Electrostatic-modulated interfacial crosslinking and waterborne emulsion coating toward waterproof, breathable, and antifouling fibrous membranes

Developing hydrophobic surfaces for flexible fibrous membranes has attracted tremendous attention for their potential applications in waterproofing, antifouling, and drag reduction. However, conventional methods, such as hydrothermal, coating, and phase separation, often involve complex preparation processes, plugging of porous structures, and heavy use of organic solvents. Herein, a facile and eco-friendly assembly strategy is proposed for fabricating superior hydrophobic surfaces on fibrous membranes. Firstly, a hierarchical rough structure was created on the fiber surface using titanium dioxide nanoparticles as building blocks by a one-pot procedure based on electrostatic complexation and interfacial crosslinking.
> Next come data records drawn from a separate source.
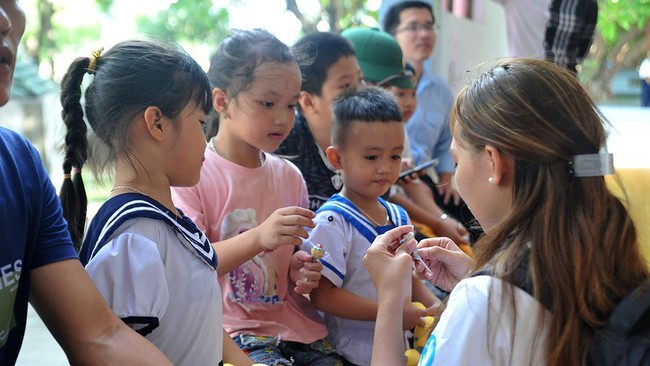 The delegates meet and exchange with children in Truong Sa Island district, Khanh Hoa Province.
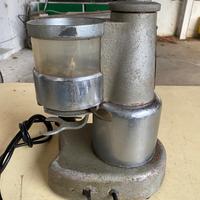 Vecchio macina caffè con dosatore FERRETTI MILANO.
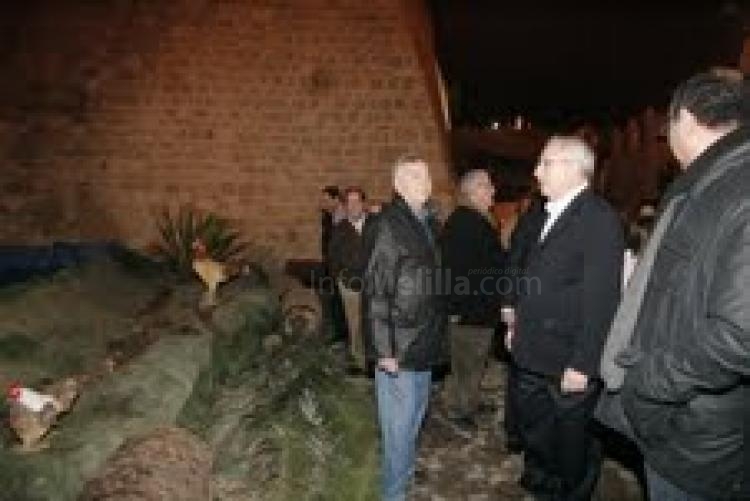 Melilla se viste de Navidad con un nuevo y más ahorrativo alumbrado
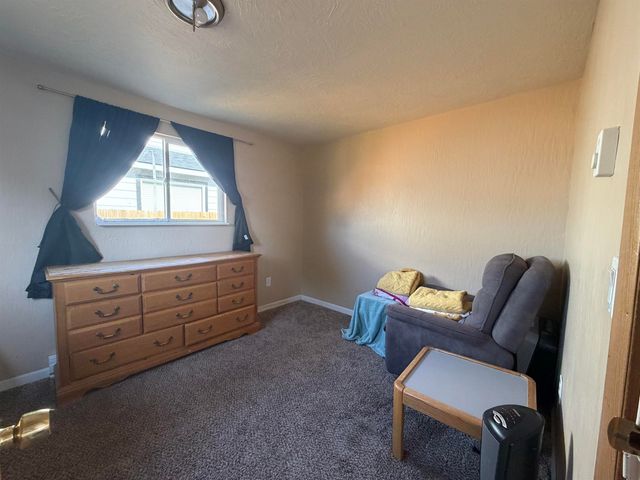 915 E Everett Ave, Spokane, WA 99207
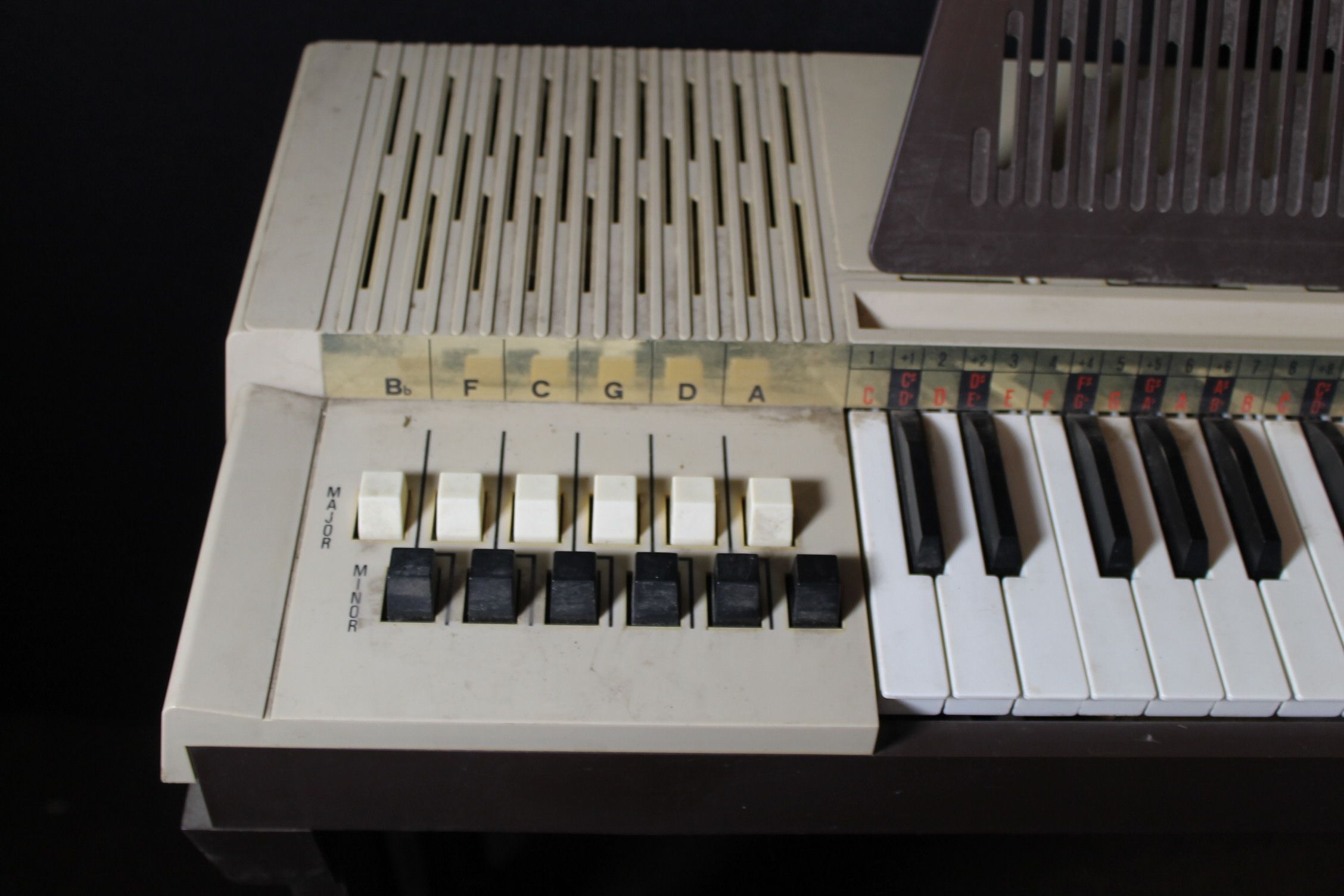 Bontempi 10 Electric Chord Organ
The procedure is performed in aqueous media, at low temperature (50℃) and very fast (∼20 min). Subsequently, a waterborne emulsion was developed by low-surface-energy organosilicon self-assembly in aqueous media, which was adopted to coat fiber substrate for surface hydrophobization. The amount of organosilicon is reduced by >90 % of that required in the traditional coating. Consequently, the resultant fibrous membranes exhibit a robust hydrophobic surface with UV-resistant, wash durability, photocatalytic self-cleaning effect, and excellent breathable properties. Besides, this general waterborne hydrophobic coating strategy could be applied to various hydrophilic substrates, including fabrics, aerogels, and sponges. This work provides a novel method to design and fabricate multi-functional hydrophobic surfaces.